How are the current crises affecting the cloud and its security? An interview with Soeren von Varchmin, Chairman of the Advisory Board CloudFest.
Times of crisis make flexible, location-independent working, as enabled by cloud computing, even more important. This is clearly confirmed by the increasing number of cloud users during the pandemic. But the cloud must also be able to deal with the challenges in crisis situations, the cloud must demonstrate resilience, it needs resilience.
The creators of the Cloud Industry Conference CloudFest explain: Everyone working in the cloud must learn how to maximize uptime, avoid data loss, and not sacrifice speed for the sake of security. But how does this work in concrete terms? What should companies know about this? Questions for Soeren von Varchmin, Chairman of the Advisory Board CloudFest.
Resilience, and therefore the ability to withstand, is a key topic for companies and in EU legislation. Highly appropriate to this is the main theme of CloudFest 2023, “The Resilient Cloud”. What does it mean, then, that a cloud must have the necessary resilience?

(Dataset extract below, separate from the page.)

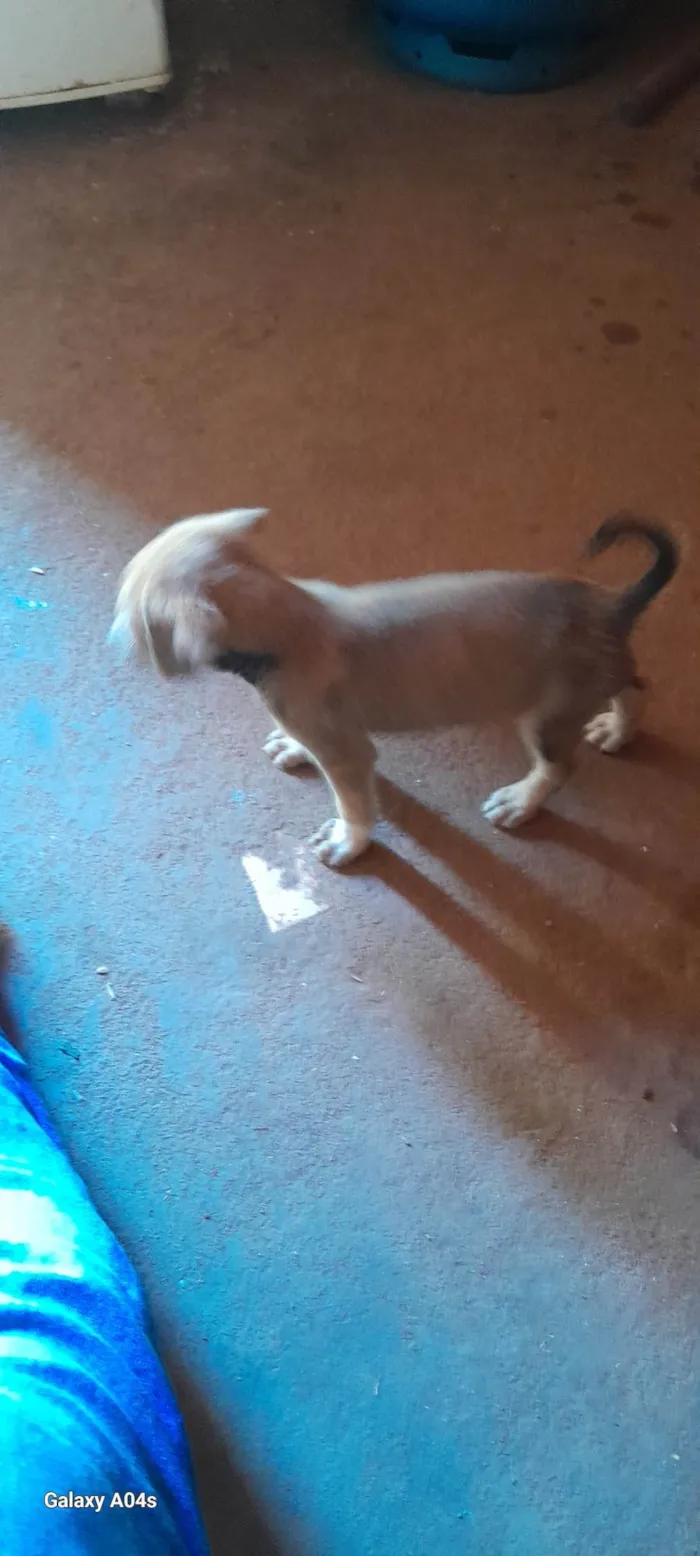 Cachorro ra a SRD-ViraLata idade 2 a 6 meses nome Esperança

Soeren von Varchmin: We have gone from one crisis to the next. Starting with Covid, a war on our doorstep and now higher inflation. Even in our cloud industry, which is growing so fast, we see stagnation in large parts. This chain of events has led to very diverse problems in the industry, and every company needs to be very strong, very flexible and resilient in some form right now. That applies to cloud operators as well.
Let’s take all the problems in the supply chain: Many of the components needed, such as the cloud servers, are sometimes not available for months or even years. This is of course accompanied by price increases, which the cloud and managed service providers also have to pass on to users in some form. We still have difficult years ahead of us.

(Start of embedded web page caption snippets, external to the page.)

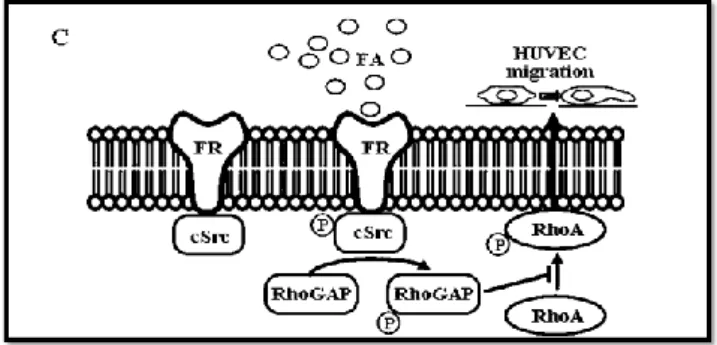 Figure 2. FR: Folic acid Receptor, HUVEC: Human  Umbilical Vein Endothelial Cells, RhoGAP: Rap-activated  Rho GTPase- activating Protein,  RhoA: Ras homolog gene  family, member A, cSrc: SRC: proto-oncogene  tyrosine-protein kinase (40)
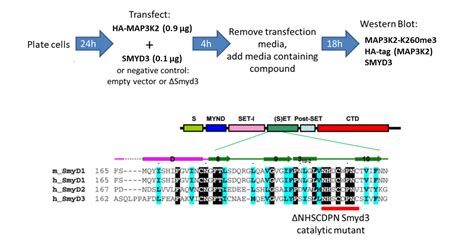 Smyd Cellular Assay Openlabnotebooks Org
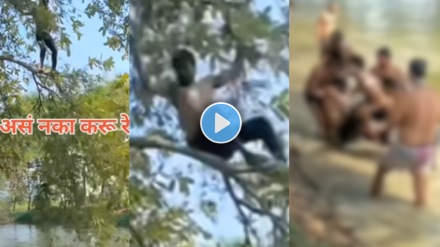 Viral Video young man fall from tree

So resilience includes a number of things that are reflected in the CloudFest agenda. A central point here is cloud security. So who are the so-called “Protectors of the Internet” mentioned in the CloudFest agenda?

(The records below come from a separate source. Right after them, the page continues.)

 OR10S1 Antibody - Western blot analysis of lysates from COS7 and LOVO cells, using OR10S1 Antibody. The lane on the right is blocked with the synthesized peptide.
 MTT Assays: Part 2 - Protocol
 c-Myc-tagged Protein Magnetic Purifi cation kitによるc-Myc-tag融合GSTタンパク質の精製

Cloud security happens at multiple levels, from hardware to application level. Let’s take the area of website security. This is an exciting topic, especially in the area of WordPress, because every second website worldwide now runs on WordPress. However, due to its structure, vulnerabilities occur repeatedly with WordPress, and attacks occur. It is therefore not surprising: cybersecurity companies are the second largest group among CloudFest partners. Cloud and managed service providers (xSPs) need more and more solutions for security, both internally and as products to resell to their customers. CloudFest therefore brings together relevant vendors and xSPs.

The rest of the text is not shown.